Re: [PATCH 1/2] mm: introduce put_user_page*(), placeholder versions

Jerome Glisse <jglisse@xxxxxxxxxx> · Wed, 12 Dec 2018 10:03:20 -0500

On Mon, Dec 10, 2018 at 11:28:46AM +0100, Jan Kara wrote:
> On Fri 07-12-18 21:24:46, Jerome Glisse wrote:
> > Another crazy idea, why not treating GUP as another mapping of the page
> > and caller of GUP would have to provide either a fake anon_vma struct or
> > a fake vma struct (or both for PRIVATE mapping of a file where you can
> > have a mix of both private and file page thus only if it is a read only
> > GUP) that would get added to the list of existing mapping.
> >
> > So the flow would be:
> >     somefunction_thatuse_gup()
> >     {
> >         ...
> >         GUP(_fast)(vma, ..., fake_anon, fake_vma);
> >         ...
> >     }
> > 
> >     GUP(vma, ..., fake_anon, fake_vma)
> >     {
> >         if (vma->flags == ANON) {
> >             // Add the fake anon vma to the anon vma chain as a child
> >             // of current vma
> >         } else {
> >             // Add the fake vma to the mapping tree
> >         }
> > 
> >         // The existing GUP except that now it inc mapcount and not
> >         // refcount
> >         GUP_old(..., &nanonymous, &nfiles);
> > 
> >         atomic_add(&fake_anon->refcount, nanonymous);
> >         atomic_add(&fake_vma->refcount, nfiles);
> > 
> >         return nanonymous + nfiles;
> >     }
> 
> Thanks for your idea! This is actually something like I was suggesting back
> at LSF/MM in Deer Valley. There were two downsides to this I remember
> people pointing out:
> 
> 1) This cannot really work with __get_user_pages_fast(). You're not allowed
> to get necessary locks to insert new entry into the VMA tree in that
> context. So essentially we'd loose get_user_pages_fast() functionality.
> 
> 2) The overhead e.g. for direct IO may be noticeable. You need to allocate
> the fake tracking VMA, get VMA interval tree lock, insert into the tree.
> Then on IO completion you need to queue work to unpin the pages again as you
> cannot remove the fake VMA directly from interrupt context where the IO is
> completed.
> 
> You are right that the cost could be amortized if gup() is called for
> multiple consecutive pages however for small IOs there's no help...
> 
> So this approach doesn't look like a win to me over using counter in struct
> page and I'd rather try looking into squeezing HMM public page usage of
> struct page so that we can fit that gup counter there as well. I know that
> it may be easier said than done...

So i want back to the drawing board and first i would like to ascertain
that we all agree on what the objectives are:

    [O1] Avoid write back from a page still being written by either a
         device or some direct I/O or any other existing user of GUP.
         This would avoid possible file system corruption.

    [O2] Avoid crash when set_page_dirty() is call on a page that is
         considered clean by core mm (buffer head have been remove and
         with some file system this turns into an ugly mess).
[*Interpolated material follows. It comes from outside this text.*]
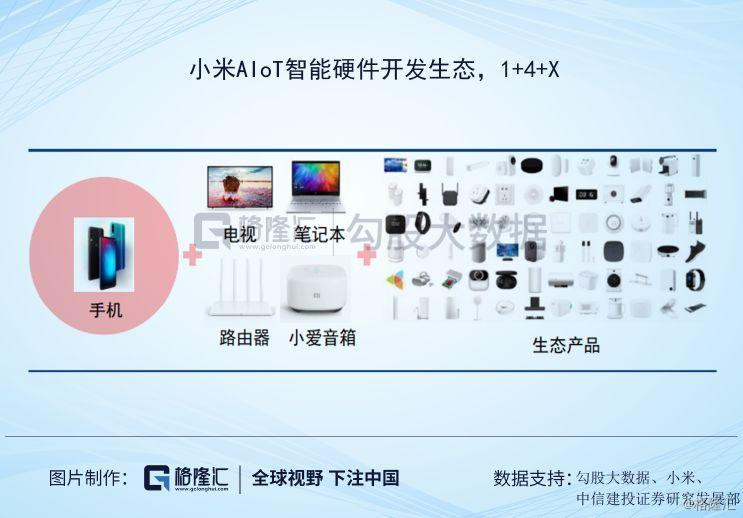 格隆汇2020下注中国十大核心资产之七小米集团w1810hk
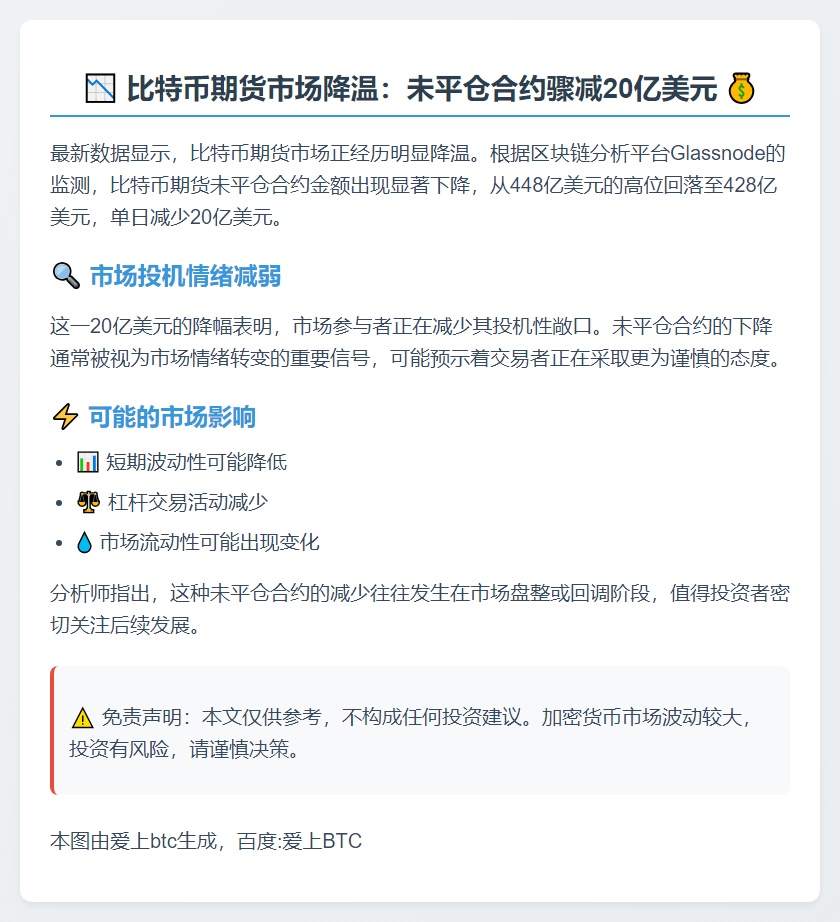 比特币期货未平仓合约缩水20亿美元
    [O3] DAX and the device block problems, ie with DAX the page map in
         userspace is the same as the block (persistent memory) and no
         filesystem nor block device understand page as block or pinned
         block.

For [O3] i don't think any pin count would help in anyway. I believe
that the current long term GUP API that does not allow GUP of DAX is
the only sane solution for now. The real fix would be to teach file-
system about DAX/pinned block so that a pinned block is not reuse
by filesystem.

For [O1] and [O2] i believe a solution with mapcount would work. So
no new struct, no fake vma, nothing like that. In GUP for file back
pages we increment both refcount and mapcount (we also need a special
put_user_page to decrement mapcount when GUP user are done with the
page).

Now for [O1] the write back have to call page_mkclean() to go through
all reverse mapping of the page and map read only. This means that
we can count the number of real mapping and see if the mapcount is
bigger than that. If mapcount is bigger than page is pin and we need
to use a bounce page to do the writeback.
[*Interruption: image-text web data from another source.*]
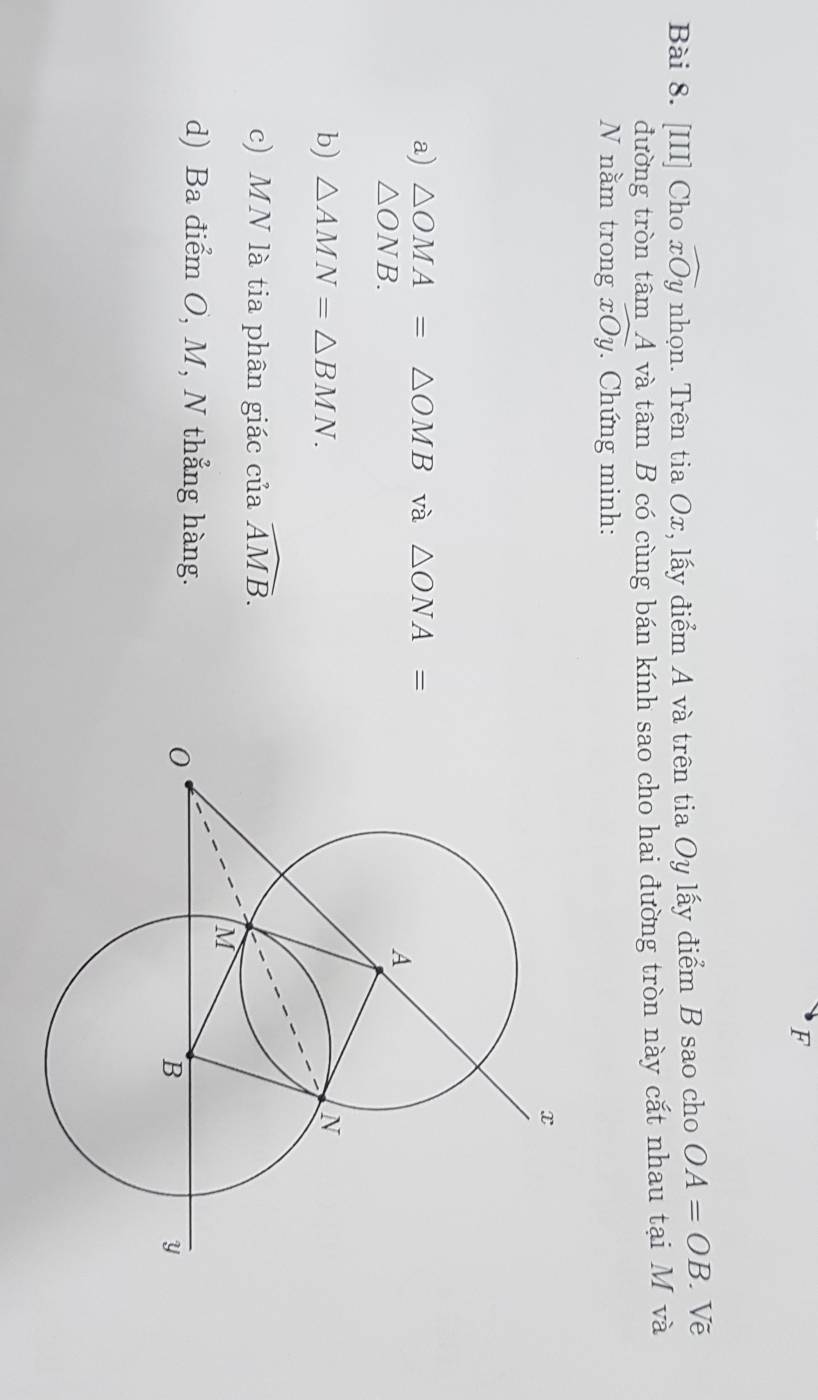 [III] Cho widehat xOy nhọn. Trên tia Ox, lấy điểm A và trên tia Oy lấy điểm B sao cho OA=OB. Về 
đường tròn tâm A và tâm B có cùng bán kính sao cho hai đường tròn này cắt nhau tại M và 
N nằm trong widehat xOy. Chứng minh: 
a) △ OMA=△ OMB và △ ONA=
△ ONB. 
b) △ AMN=△ BMN. 
c) MN là tia phân giác của widehat AMB. 
d) Ba điểm O, M, N thẳng hàng.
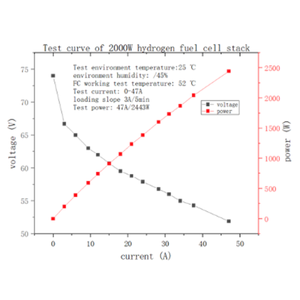 Système de générateur <span class=keywords><strong>à</strong></span> <span class=keywords><strong>pile</strong></span> <span class=keywords><strong>à</strong></span> <span class=keywords><strong>combustible</strong></span> <span class=keywords><strong>à</strong></span> hydrogène PEM <span class=keywords><strong>2000W</strong></span>, refroidissement par air, 48V, 80 cellules - Product Image 2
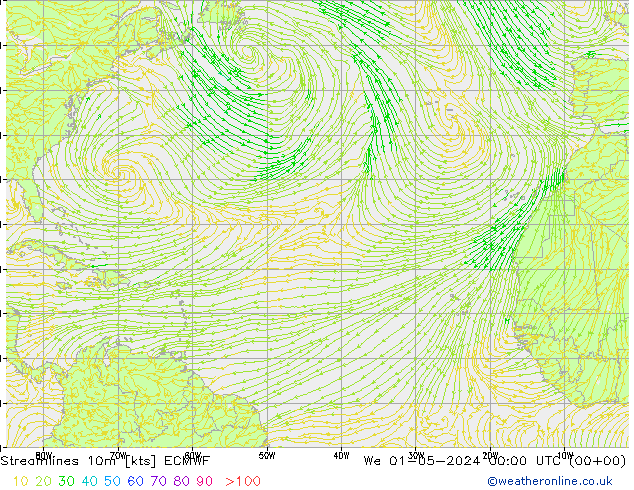 Stroomlijn 10m ECMWF wo 01.05.2024 00 UTC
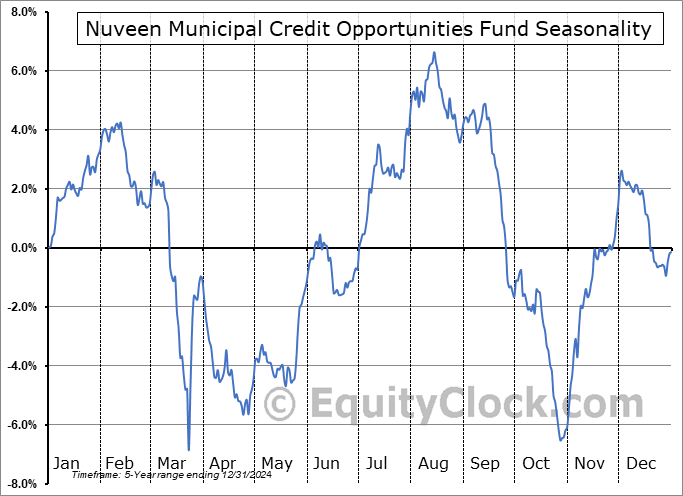 Nuveen Municipal Credit Opportunities Fund (NYSE:NMCO) Seasonal Chart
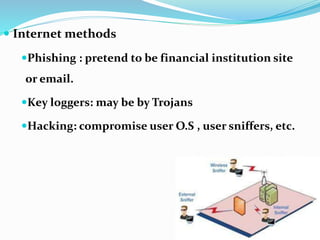  Internet methods
Phishing : pretend to be financial institution site
or email.
Key loggers: may be by Trojans
Hacking: compromise user O.S , user sniffers, etc.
Note that their can be no concurrent new real mapping added as the
page is lock thus we are protected on that front. So only race is
with a GUP running before page_mkclean() had remove all pte with
write permission. To close that race we should check for the page
write back flags in GUP and returns either ERR_PTR(EBUSY) for the
page or return the page and set some flag in the lower bit of the
page struct pointer so that user of GUP can wait on write back to
finish before doing anything else.

For [O2] i believe we can handle that case in the put_user_page()
function to properly dirty the page without causing filesystem
freak out.

Impact of that approach seems pretty small, direct IO would only
be affected for page under active write back which is one of the
thing we are trying to fix anyway.

Did i miss anything ?

Cheers,
Jérôme